Marouane Abassi évoque des mesures « difficiles », mais « nécessaires »

Le grand oral du gouverneur de la Banque Centrale de Tunisie (BCT), Marouane Abassi, a commencé à l’Assemblée des Représentants du Peuple (ARP) ce lundi 25 février 2019. La décision d’augmenter le taux directeur était « difficile », mais « nécessaire ». « Le taux d’inflation n’a eu de cesse d’augmenter depuis 2016. Notre objectif, à travers l’augmentation du taux directeur, est de protéger le pays. Si nous n’avions pas pris certaines mesures, les réserves en devises auraient reculé davantage [84 jours d’importation actuellement] », a-t-il expliqué devant les députés.
D’un autre côté, pour lutter contre l’inflation, le gouverneur de la BCT a appelé à améliorer la production et à privilégier les produits locaux. « Nous espérons atteindre un taux d’inflation inférieur à 7% », a-t-il déclaré. Il considère que la conjoncture est critique. « Je n’ai pas encore été informé du prochain rendez-vous avec le représentant du Fonds Monétaire International (FMI). L’institution mondiale suit de près ce que fait la Tunisie. Les discussions n’ont pas avancé depuis septembre 2018, lorsque la crise des salaires de la fonction publique avait éclaté. La Tunisie possède les capacités de résoudre la crise », a-t-il encore souligné.

Des indicateurs économiques au plus bas depuis 2010
D’autre part, l’audition de Marouane Abassi était l’occasion de revenir sur certains indicateurs économiques du pays. Le gouverneur de la BCT a souligné que la croissance économique, malgré sa progression, reste faible en raison de la baisse de l’activité industrielle, de l’industrie mécanique, des phosphates et du pétrole. « La production des phosphates est passée de 8000 tonnes en 2010 à 3300 tonnes en 2018 », a-t-il rappelé, enchaînant avec la dégradation de la balance énergétique dont le déficit a atteint les 4902 millions de dinars en 2018 contre 605 millions en 2010. L’investissement a lui aussi reculé par rapport à 2010 selon Marouane Abassi, au même titre que l’épargne. Dans ce même contexte, il a rappelé que le déficit commercial s’est lui aussi dégradé, atteignant les 19 milliards de dinars en 2018 contre 8 milliards de dinars 8 ans plus tôt.
L’endettement de la Tunisie s’est aussi aggravé. D’après Marouane Abassi, il représente 72,3% du PIB. Le service de la dette, de ce fait, sera de 9 milliards de dinars au titre de l’année 2019 alors qu’il était de 6,7 milliards de dinars en 2018. Les dépenses de l’Etat, pour leur part, ont atteint 6 milliards de dinars en 2017 contre 1 milliard de dinars en 2010. « Les dépenses énergétiques ont été multipliées par 4, passant de 1 milliard en 2010 à près de 4 milliards de dinars en 2017. Les revenus touristiques, pour leur part, ont baissé par rapport à 2010, passant de 7270 millions à 3490 millions de dinars., et c’est sans compter les revenus générés par l’industrie des phosphates : de 4455 millions à 965 millions de dinars », a-t-il encore expliqué.
Dans ce contexte difficile, le gouverneur de la BCT a appelé à régulariser les situations concernées par la loi des changes, et ce dans l’objectif d’inciter à faire des transactions dans le cadre des circuits officiels. « Ceci va permettre d’augmenter les revenus de l’Etat en termes de devises. Les solutions existent, mais leur mise en oeuvre a pris du retard », a-t-il précisé.

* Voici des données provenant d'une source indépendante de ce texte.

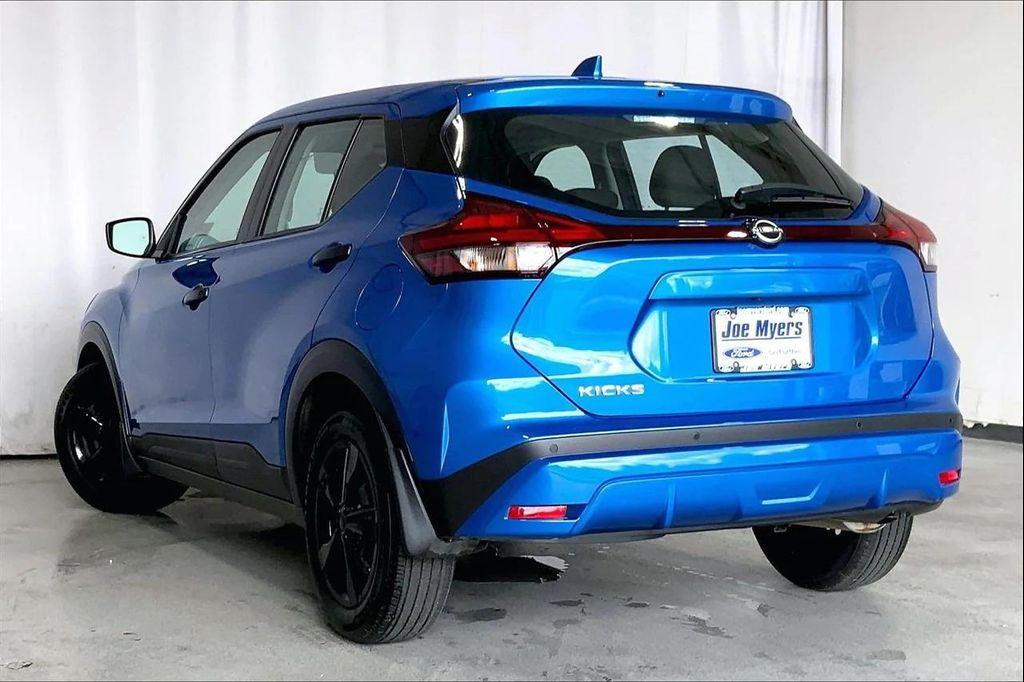 used 2024 Nissan Kicks car, priced at $17,682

Pas de changement de billets (pour l’heure)
Sur un autre plan, le gouverneur de la BCT a assuré qu’aucune décision n’a été prise en vue de supprimer les billets de 50 TND pour lutter contre l’économie parallèle. « Le changement de billets nécessite entre 4 et 6 ans, le temps d’imprimer les nouveaux billets. Le tout pour un coût de 200 millions de dinars », a-t-il souligné. Au sujet du secteur bancaire, il a assuré que les banques tunisiennes poursuivent leurs efforts afin de lutter contre le blanchiment d’argent. « Tous les indicateurs montrent que la réforme du système bancaire est en marche. Or, malgré les améliorations, le secteur rencontre encore des problèmes structurels, notamment le manque de liquidité », a-t-il encore mis en garde.